Thursday, February 19, 2009

ASP.NET parse HTML string HtmlDocument

Here is a quick tutorial that shows how a string containing HTML can be parsed and navigated using HtmlDocument object.
You must use this namespace for HtmlBrowser and HtmlDocument objects

namespace System.Windows.Forms

First lets say you have a flat HTML in a string variable like this

string strHTML = "[some raw html]";
WebBrowser browser = new WebBrowser();
browser.ScriptErrorsSuppressed = true;
HtmlDocument htmlDocument = browser.Document.OpenNew(true);
htmlDocument.Write(strHTML);

I recommend to set ScriptErrorsSuppressed=true; to avoid possible JS problems while loading HTML.

Once you HtmlDocument object is ready you have these functions (similar to JavaScript) on your disposal:

htmlDocument.GetElementById(string id)
htmlDocument.GetElementsByTagName(string tagName)
htmlDocument.GetElementFromPoint(System.Drawing.Point point)

All these methods returns ether HtmlElement or HtmlElementCollection and here are useful methods for parsing thru elements

htmlElement.Parent

htmlElement.NextSibling

htmlElement.FirstChild

htmlElement.InnerHtml

htmlElement.InnerText

htmlElement.Children

htmlElement.GetElementsByTagName(string tagName)

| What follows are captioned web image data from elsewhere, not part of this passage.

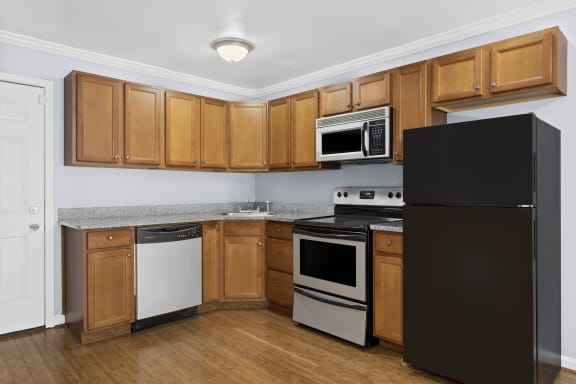 a kitchen with wood cabinets and black appliances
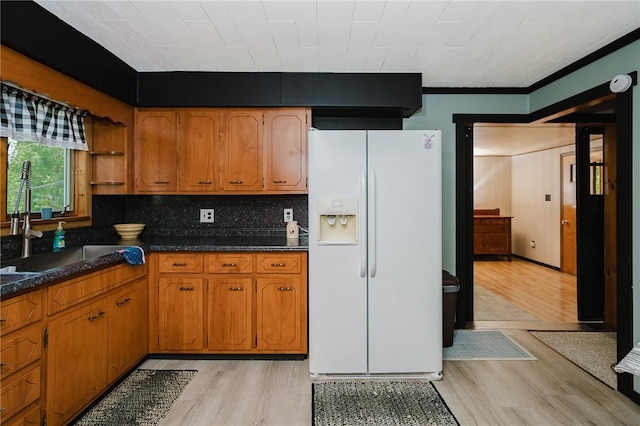 68 Riverside Ave, Center Twp/Homer Cty, PA 15748 - kitchen featuring white fridge with ice dispenser, light wood finished floors, brown cabinets, open shelves, and crown molding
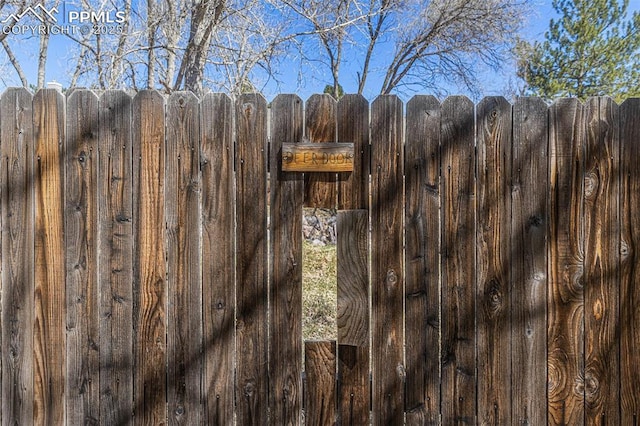 details featuring fence and a gate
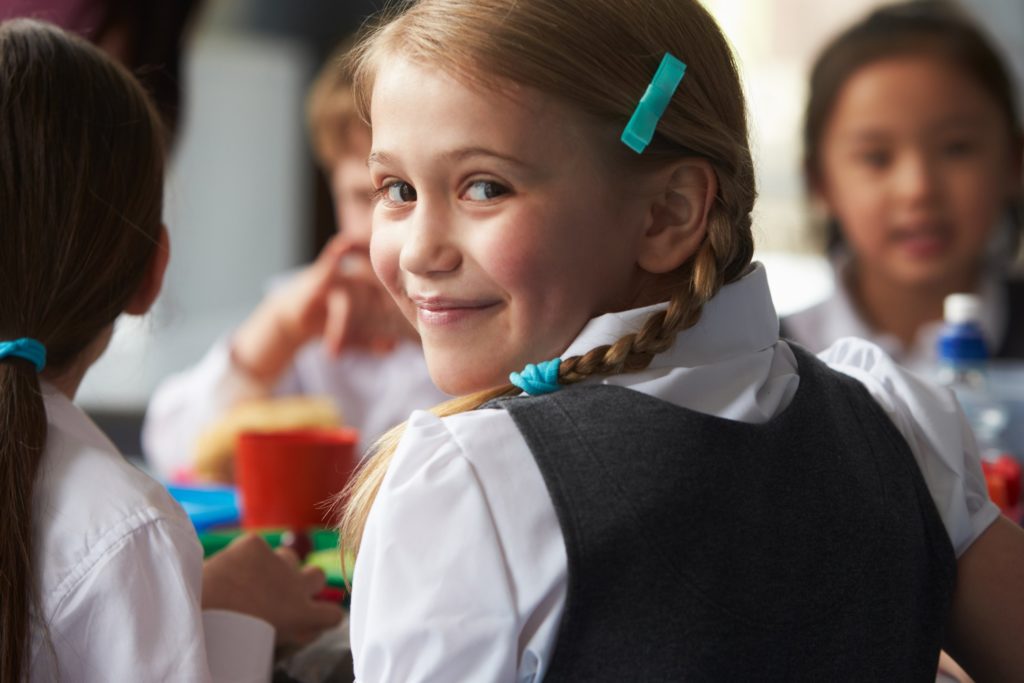 Closeup of young girl smiling while eating lunch in cafeteria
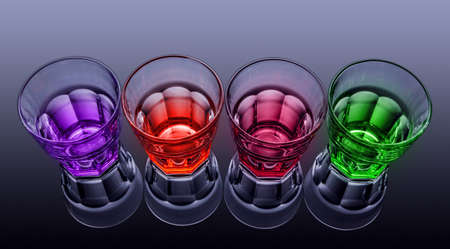 Colored faceted glasses on a dark backgroundの写真素材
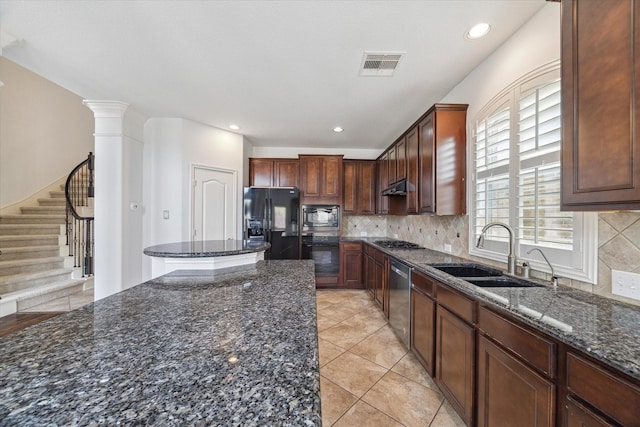 26314 Planters Heath, Katy, TX 77494 - kitchen featuring black appliances, dark stone countertops, under cabinet range hood, decorative backsplash, and a kitchen island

As you can see this is exactly same as JavaScript DOM model so anybody that has experience with working with DOM will be right at home.

It would be nice to have something like JQuery server side to parse the document, if you know about a better way of parsing or a library dedicated to it fell free to add a comment?

3 comments:

Anonymous said...

I don't know, if it is different in ASP.NET. I tried this solution in a standard c# application in .NET 2.0. But browser.Document is null, so you can't call "OpenNew"-Method. I found a workaround with setting the Url of "browser" to "about:blank". This will create all necessary attributes to get the browser.Document for overwriting with your string.

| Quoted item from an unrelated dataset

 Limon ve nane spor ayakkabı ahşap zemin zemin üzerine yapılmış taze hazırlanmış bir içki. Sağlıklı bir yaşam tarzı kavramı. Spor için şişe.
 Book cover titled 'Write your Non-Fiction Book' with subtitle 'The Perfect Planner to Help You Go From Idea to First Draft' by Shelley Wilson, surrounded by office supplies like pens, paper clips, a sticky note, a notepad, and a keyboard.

WebBrowser wb = new WebBrowser();
wb.ScriptErrorsSuppressed = true;
wb.Url = new Uri("about:blank");
HtmlDocument doc = wb.Document.OpenNew(true);
doc.Write(myString);

Deegii said...

I tried this using ASP.NET MVC 2.0 . But couldn't find WebBrowser, HtmlDocument classes. Pls help me?

Fizzled said...

@Deegii -

"You must use this namespace for HtmlBrowser and HtmlDocument objects

namespace System.Windows.Forms"

Though HtmlBrowser is a typo, and should be WebBrowser.